### Task directions
Below are several records. Retype exactly those lines running from the one with "Sunclassy Mens Dark" through the one with "21 inch Heavy", end lines included, and no others.

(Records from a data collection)
■ ■ ■ ■ ■
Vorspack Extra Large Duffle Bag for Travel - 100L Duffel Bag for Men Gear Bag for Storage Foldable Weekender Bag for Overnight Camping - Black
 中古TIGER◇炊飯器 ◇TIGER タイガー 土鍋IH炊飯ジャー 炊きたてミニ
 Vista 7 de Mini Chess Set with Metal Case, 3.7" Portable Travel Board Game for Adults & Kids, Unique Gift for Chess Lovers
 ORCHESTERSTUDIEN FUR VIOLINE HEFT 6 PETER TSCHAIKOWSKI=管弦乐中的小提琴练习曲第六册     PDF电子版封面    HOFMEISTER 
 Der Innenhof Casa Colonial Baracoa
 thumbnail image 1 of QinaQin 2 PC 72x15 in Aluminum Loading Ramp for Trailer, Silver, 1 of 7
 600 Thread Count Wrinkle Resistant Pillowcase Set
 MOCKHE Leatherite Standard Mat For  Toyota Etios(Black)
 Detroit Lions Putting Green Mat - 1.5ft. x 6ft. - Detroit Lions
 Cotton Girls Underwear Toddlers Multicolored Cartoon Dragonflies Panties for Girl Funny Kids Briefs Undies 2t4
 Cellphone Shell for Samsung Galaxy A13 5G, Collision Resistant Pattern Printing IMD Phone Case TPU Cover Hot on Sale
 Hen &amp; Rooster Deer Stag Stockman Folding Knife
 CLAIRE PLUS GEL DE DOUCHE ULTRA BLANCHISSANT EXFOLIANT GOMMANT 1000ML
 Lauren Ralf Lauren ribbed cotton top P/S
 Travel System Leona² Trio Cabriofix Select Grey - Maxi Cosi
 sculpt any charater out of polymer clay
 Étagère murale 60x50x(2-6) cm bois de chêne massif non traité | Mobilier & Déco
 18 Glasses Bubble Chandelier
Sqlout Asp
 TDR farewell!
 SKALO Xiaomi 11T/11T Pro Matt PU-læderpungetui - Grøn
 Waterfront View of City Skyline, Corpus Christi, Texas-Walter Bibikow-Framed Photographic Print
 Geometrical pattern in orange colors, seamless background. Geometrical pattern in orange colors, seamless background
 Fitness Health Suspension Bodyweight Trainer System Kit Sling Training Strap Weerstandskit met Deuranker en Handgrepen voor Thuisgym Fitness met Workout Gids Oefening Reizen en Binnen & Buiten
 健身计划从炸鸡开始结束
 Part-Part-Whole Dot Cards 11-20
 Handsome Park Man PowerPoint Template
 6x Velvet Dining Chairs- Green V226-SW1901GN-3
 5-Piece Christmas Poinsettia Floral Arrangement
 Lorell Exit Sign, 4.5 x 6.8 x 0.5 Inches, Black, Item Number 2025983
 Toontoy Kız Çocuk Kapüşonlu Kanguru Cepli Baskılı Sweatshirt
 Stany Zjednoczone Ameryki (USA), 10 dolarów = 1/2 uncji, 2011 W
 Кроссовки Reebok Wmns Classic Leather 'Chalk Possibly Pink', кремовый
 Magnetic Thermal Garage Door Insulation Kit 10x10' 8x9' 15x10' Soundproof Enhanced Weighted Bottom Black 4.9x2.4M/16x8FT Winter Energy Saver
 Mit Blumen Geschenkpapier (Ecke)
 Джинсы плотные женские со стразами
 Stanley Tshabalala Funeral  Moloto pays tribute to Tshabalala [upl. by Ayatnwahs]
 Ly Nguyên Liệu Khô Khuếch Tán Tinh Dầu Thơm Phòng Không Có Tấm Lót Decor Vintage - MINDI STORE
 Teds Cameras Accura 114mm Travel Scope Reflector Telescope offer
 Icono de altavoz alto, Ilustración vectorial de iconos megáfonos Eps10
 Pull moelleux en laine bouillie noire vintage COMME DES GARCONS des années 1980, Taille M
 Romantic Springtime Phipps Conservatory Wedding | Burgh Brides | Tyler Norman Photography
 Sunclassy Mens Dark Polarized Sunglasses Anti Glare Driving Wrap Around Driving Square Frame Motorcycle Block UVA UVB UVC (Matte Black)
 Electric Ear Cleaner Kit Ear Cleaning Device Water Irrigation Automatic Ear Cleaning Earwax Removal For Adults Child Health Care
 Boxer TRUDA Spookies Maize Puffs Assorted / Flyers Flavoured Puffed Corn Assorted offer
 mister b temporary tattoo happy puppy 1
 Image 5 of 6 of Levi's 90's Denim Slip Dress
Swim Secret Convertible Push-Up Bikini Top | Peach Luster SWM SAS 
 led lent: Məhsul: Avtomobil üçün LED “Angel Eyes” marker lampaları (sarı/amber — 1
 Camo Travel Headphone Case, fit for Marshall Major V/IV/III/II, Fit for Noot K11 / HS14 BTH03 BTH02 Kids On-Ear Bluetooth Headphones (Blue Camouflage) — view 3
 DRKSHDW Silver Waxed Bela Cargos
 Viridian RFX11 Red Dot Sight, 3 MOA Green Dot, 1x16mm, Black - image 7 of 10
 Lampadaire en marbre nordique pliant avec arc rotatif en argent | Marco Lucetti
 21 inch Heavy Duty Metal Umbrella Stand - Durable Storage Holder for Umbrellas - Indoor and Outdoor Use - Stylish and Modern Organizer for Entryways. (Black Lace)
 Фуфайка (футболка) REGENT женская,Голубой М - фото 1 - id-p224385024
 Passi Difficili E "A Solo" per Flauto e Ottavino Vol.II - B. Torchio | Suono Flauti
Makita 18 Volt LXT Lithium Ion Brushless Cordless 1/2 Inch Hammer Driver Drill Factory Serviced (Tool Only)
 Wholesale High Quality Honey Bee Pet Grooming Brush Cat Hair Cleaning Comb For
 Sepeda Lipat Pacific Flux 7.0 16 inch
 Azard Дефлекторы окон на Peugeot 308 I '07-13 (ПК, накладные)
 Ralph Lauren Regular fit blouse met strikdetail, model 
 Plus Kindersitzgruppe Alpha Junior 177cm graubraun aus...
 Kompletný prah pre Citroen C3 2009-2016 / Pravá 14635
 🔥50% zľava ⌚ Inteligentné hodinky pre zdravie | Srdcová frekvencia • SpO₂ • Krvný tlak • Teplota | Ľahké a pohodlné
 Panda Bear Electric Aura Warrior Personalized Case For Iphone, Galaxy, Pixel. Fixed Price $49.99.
■ ■ ■ ■ ■
### Problem solution
 Sunclassy Mens Dark Polarized Sunglasses Anti Glare Driving Wrap Around Driving Square Frame Motorcycle Block UVA UVB UVC (Matte Black)
 Electric Ear Cleaner Kit Ear Cleaning Device Water Irrigation Automatic Ear Cleaning Earwax Removal For Adults Child Health Care
 Boxer TRUDA Spookies Maize Puffs Assorted / Flyers Flavoured Puffed Corn Assorted offer
 mister b temporary tattoo happy puppy 1
 Image 5 of 6 of Levi's 90's Denim Slip Dress
Swim Secret Convertible Push-Up Bikini Top | Peach Luster SWM SAS 
 led lent: Məhsul: Avtomobil üçün LED “Angel Eyes” marker lampaları (sarı/amber — 1
 Camo Travel Headphone Case, fit for Marshall Major V/IV/III/II, Fit for Noot K11 / HS14 BTH03 BTH02 Kids On-Ear Bluetooth Headphones (Blue Camouflage) — view 3
 DRKSHDW Silver Waxed Bela Cargos
 Viridian RFX11 Red Dot Sight, 3 MOA Green Dot, 1x16mm, Black - image 7 of 10
 Lampadaire en marbre nordique pliant avec arc rotatif en argent | Marco Lucetti
 21 inch Heavy Duty Metal Umbrella Stand - Durable Storage Holder for Umbrellas - Indoor and Outdoor Use - Stylish and Modern Organizer for Entryways. (Black Lace)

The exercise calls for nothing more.